You should download the NCERT Solutions Class 11 Chemistry PDF to help you understand how to answer the questions at the end of each chapter and also refer to them if you have any confusion. Some basic concepts of chemistry class 11 NCERT Solutions PDF can also be downloaded free of cost to study offline. All answers are written and formed by expert teachers and are explained in easy language for the student to understand. The PDF also helps you familiarise yourself with other questions from within the chapter and how you should answer them in the exam. This helps you assess your knowledge of the concepts studied. These are available free of cost on Vedantu’s website and mobile app.

7. Why is class 11 Chemistry Chapter 1 solutions important?

Class 11 Chemistry Chapter 1 Solutions introduces students of the medical or non-medical stream to basic concepts of Chemistry. Concepts like atomic mass, weight, molecular mass, temperature, etc are introduced. Chemical equations and formulas based on these topics are also discussed and introduced. The students have to be thorough with these topics as they build the base and foundation for topics discussed further in the class and in the 12th. They are also important for board exams and a lot of competitive exams.

8. What are the important topics in NCERT Solutions class 11 Chemistry chapter 1?

NCERT Solutions class 11 chemistry chapter 1 covers fundamental topics such as the mole concept, atomic and molecular masses, stoichiometry, chemical equations, and the concept of equivalents.

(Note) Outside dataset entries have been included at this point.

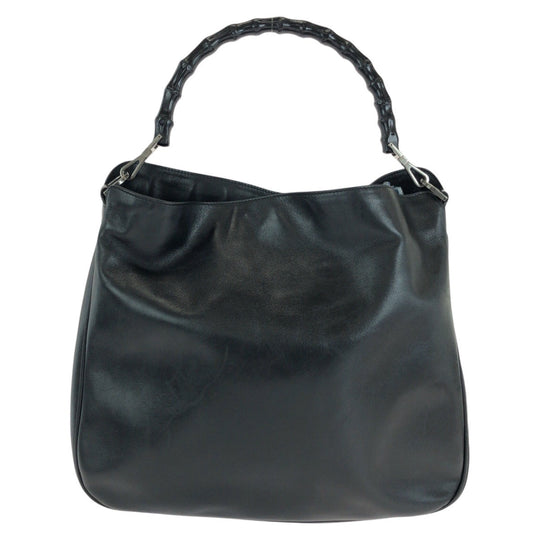 GUCCI Shoulder Bag 001 1577 leather BlackSilverMetal Shoulder Bag 2way Bamboo Women Used Authentic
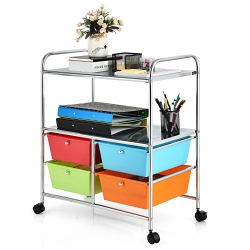 TOPBUY 4-Drawer Rolling Storage Cart Metal Rack Organizer Shelf With Wheels Multicolor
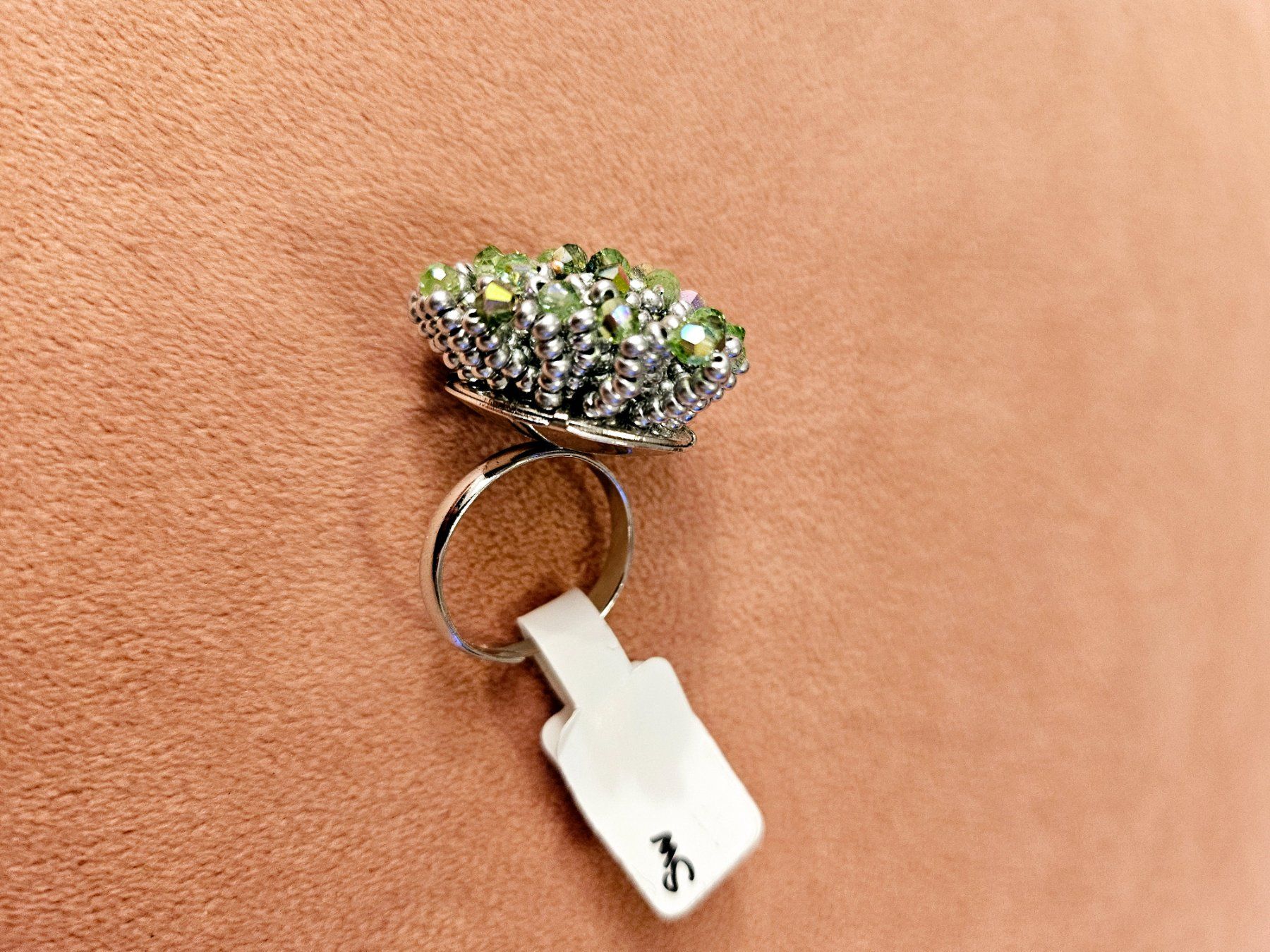 Anelli: Funkelnder Ring aus Swarovski Perlen grün – Nuovo (secondo la descrizione) da Dietikon venduto da Eleda 3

These concepts serve as the building blocks for understanding more advanced topics in chemistry.

9. What key concepts are covered in NCERT class 11 chemistry chapter 1 PDF?

NCERT class 11 chemistry chapter 1 pdf delves into fundamental topics like the mole concept, atomic and molecular masses, stoichiometry, chemical equations, and equivalents, laying the groundwork for further studies. Students can have access to other resources from chemistry chapter 1, class 11.

10. Where can I find solutions for Class 11 Chemistry Chapter 1 exercise solutions?

You can access comprehensive solutions for exercises in Chapter 1 through NCERT Solutions for Chapter 1 Chemistry class 11 or by downloading the PDF for Class 11 Chemistry Chapter 1 exercise solutions.